Advisor: Dr. Sajjad Haider
External Examiners: Dr. Agha Ali Raza (LUMS), and Dr. Muhammad Hanif (GIKI)
Venue: Conference Room, Tabba Academic Block, Main Campus, IBA Karachi


Abstract:

This dissertation addresses the problem of producing interpretable cluster topic labels for a given set of documents in Urdu, a low resource language. Document clustering and topic modeling methods help in determining groups of semantically similar documents. However, the existing clustering and topic modeling techniques produce a collection of words, often uninterpretable, as suggested topics without integrating them into a semantically correct phrase. This research presents an Interpretable Clustering for Urdu (ICU) framework that not only clusters similar documents but also assigns meaningful labels to the resultant clusters. The development of the framework required an accurate Part of Speech (POS) tagger for the Urdu Language. The required tagger is modeled using a publicly available corpus of many million sentences. Using state-of-the-art semantically rich feature extraction approaches including Word2Vec and BERT, the framework, in the next step, places a given set of documents into different clusters. Finally, the framework applies a novel algorithm to produce syntactically correct phrases representing interpretable topics.

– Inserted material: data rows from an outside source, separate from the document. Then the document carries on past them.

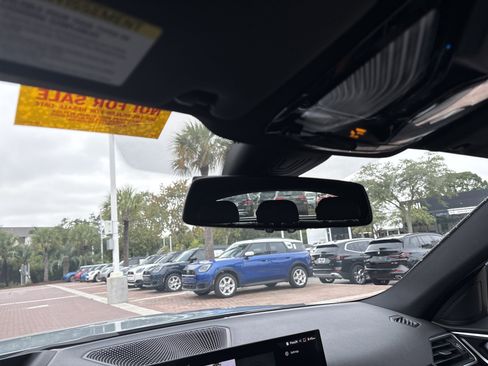 Certified 2023 BMW i4 eDrive40 w/ M Sport Package image 27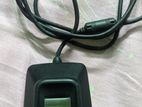 Fingerprint Scanner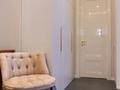 2-комнатная квартира · 92 м² · 4/9 этаж, Туран 5/2 — Центральный парк - Набережная!!! за 110 млн ₸ в Астане, Нура р-н — фото 15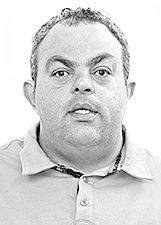 Foto de EMERSON JOSE BORTOLUCCI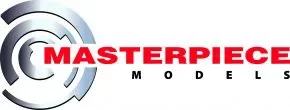 Masterpiece Models Promo Codes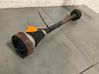 Rear driveshaft 1K0501204F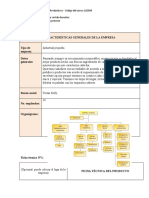 Tarea 2 - Kellyandreasánchez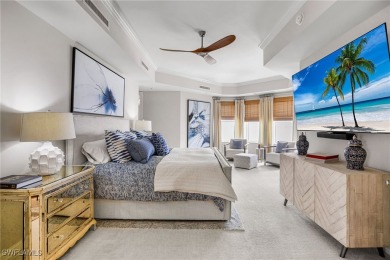 TEMPORARILY - SPORTS MEMBERSHIP JOINING FEE HAS BEEN REDUCED BY on Gulf Harbour Yacht and Country Club in Florida - for sale on GolfHomes.com, golf home, golf lot
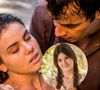 Por que Mafalda não volta em 'Êta Mundo Melhor'? Camila Queiroz revela bastidores e personagem ganha destino surpreendente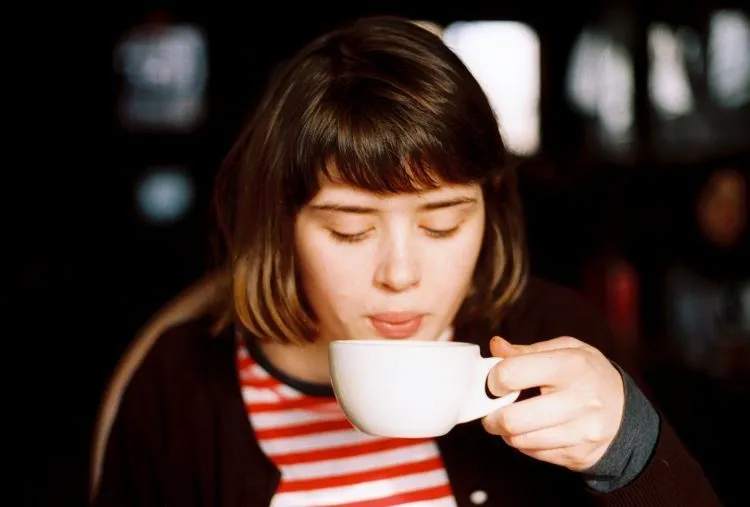 7 Alasan Mengapa Kopi Adalah Nikmat Tuhan yang Tak Boleh Kamu Dustakan 14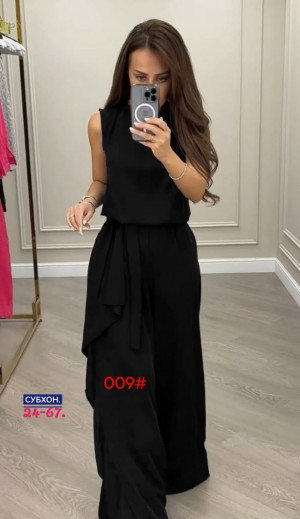 Костюм #23390189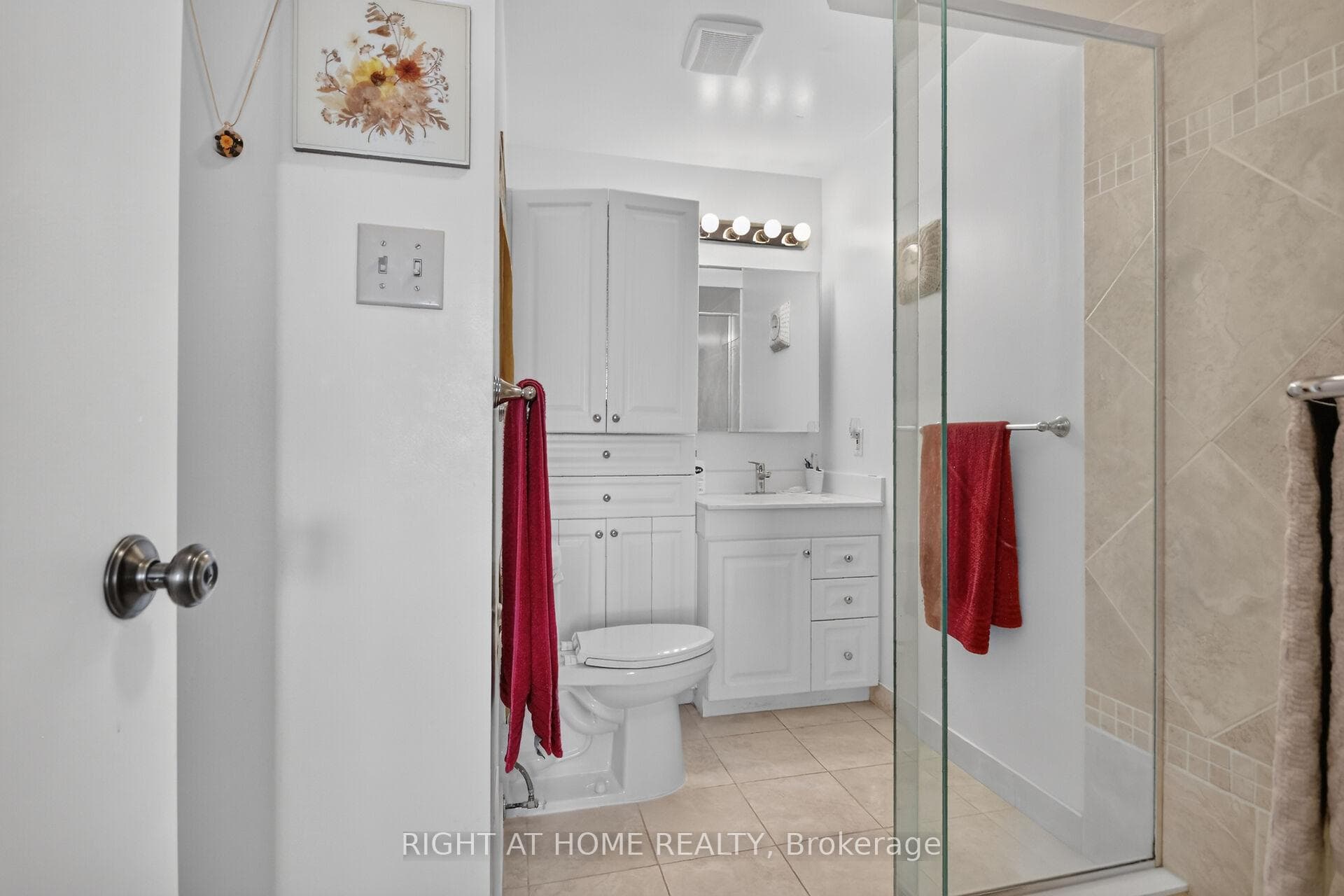 1785 Frobisher Lane Unit 2204 photo 19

In the first phase, the framework evaluates various distance measures on the clustering task. It then applies three clustering algorithms: K-Means, Affinity Propagation, and Density-based spatial clustering of applications with noise (DBSCAN) using the optimal distance function to produce clusters for a given set of documents. The Latent Dirichlet Allocation topic model was also assessed for comparison with clustering algorithms. The evaluation was performed on the Urdu News Headlines and Urdu Tweets datasets using extrinsic measures. In addition, several word embedding models are trained on Urdu News and Twitter using techniques such as Word2Vec, Doc2Vec, and fastText.

In the next step, the framework performs automatic cluster labeling. This research presents an unsupervised method for cluster labeling based on the noun phrase chunking. The proposed method is compared with the four other statistical-based methods, including Z-Order, M-Order, T-Order, and YAKE. In addition to the statistical measures-based labeling schemes, the approach is also compared with the two graph-based techniques: Text Rank and Position Rank. The experiments were performed on the datasets of Urdu News headlines and Urdu Tweets. The proposed approach's effectiveness was evaluated using cosine similarity, Jaccard Index, and the feedback received from human evaluators. The results showed that the proposed method outperformed other methods. It was found that the labels produced were more relevant and semantically rich in contrast to other approaches.

Currently, the framework does not assess the semantic relatedness among the noun chunks while doing cluster labeling. This requires an extensive knowledge source that documents the relationship among words. In the future, we plan to improve the cluster labeling algorithm by utilizing sophisticated natural language generation (NLG) techniques.